→ **Information provided**:
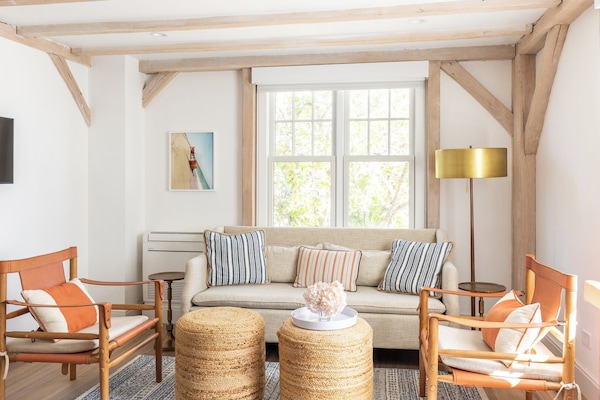 Suite, 1 King Bed | 1 bedroom, premium bedding, minibar, free WiFi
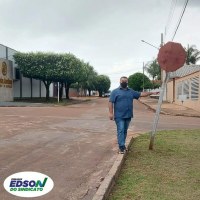 Vereador Edson do Sindicato atende cobrança dos moradores do bairro Novo Horizonte e fiscaliza às condições das atuais placas de sinalização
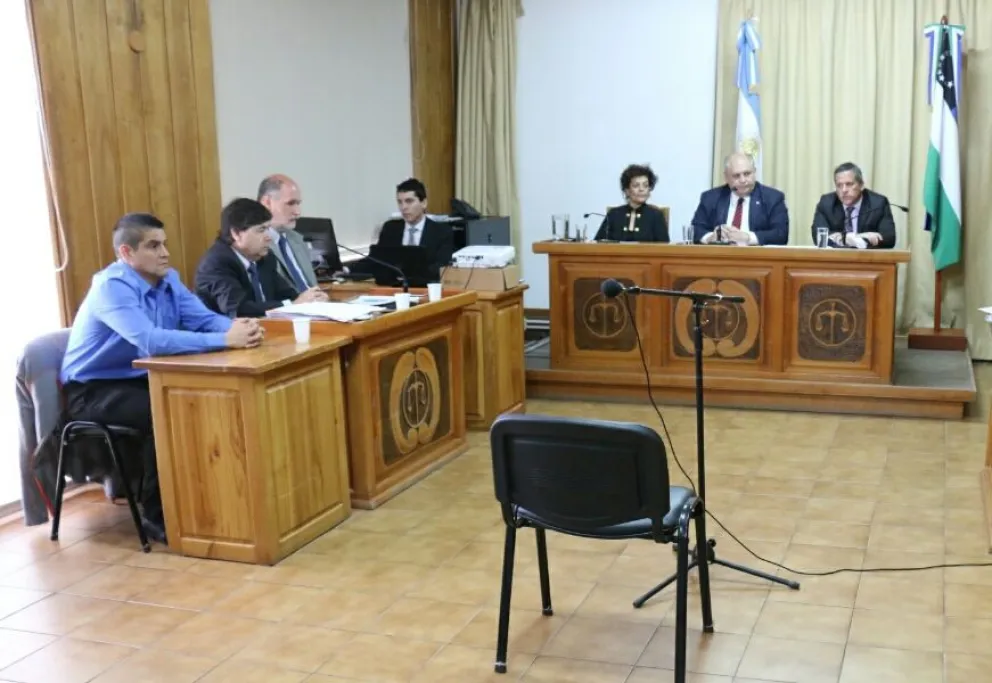 Dos testigos aseguraron que Cáceres estaba en su casa cuando le dispararon a Yanina Muñoz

→ **The task**: Copy the whole of the material above exactly, and exclude every picture.

→ **Task answer**:
 Suite, 1 King Bed | 1 bedroom, premium bedding, minibar, free WiFi
 Vereador Edson do Sindicato atende cobrança dos moradores do bairro Novo Horizonte e fiscaliza às condições das atuais placas de sinalização
 Dos testigos aseguraron que Cáceres estaba en su casa cuando le dispararon a Yanina Muñoz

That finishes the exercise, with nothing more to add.